Clawdapus provides a reference image: ghcr.io/mostlydev/cllama.
The passthrough reference:
- Adheres to the v1 HTTP API and Listen Port.
- Validates the environment (
CLAW_POD,CLAW_CONTEXT_ROOT, provider credentials), bearer-token identity resolution, and mounts. - Acts as a pure, transparent proxy (no decoration, no amendment).
- Emits structured logs of all traffic.
This image is used for testing network integration and serves as the boilerplate for operators to build proprietary cllama policy engines (e.g., incorporating advanced DLP, RAG-based context injection, or conversational configuration).

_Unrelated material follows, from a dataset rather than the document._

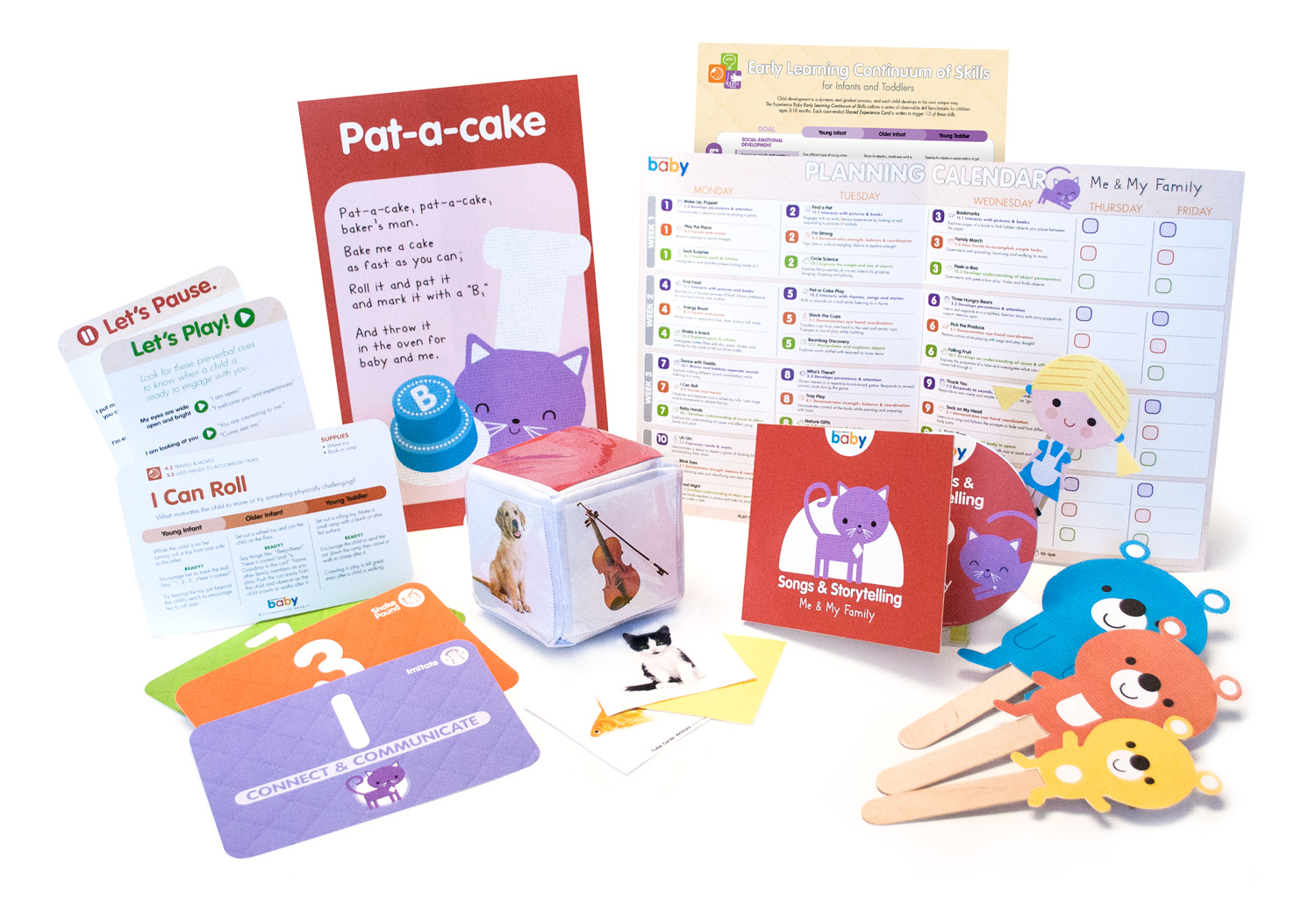 Mom with a Dandelion in Her Hair Experience Baby A Great Baby Shower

Tools like ClawRouter act as specialized instances of a cllama proxy focused entirely on forced model routing, rate limiting, and compute metering. A routing proxy seamlessly intercepts model requests, evaluates them against organizational budgets or provider availability, and dynamically routes, downgrades, or rate-limits the request to strictly contain costs across a fleet of untrusted agents.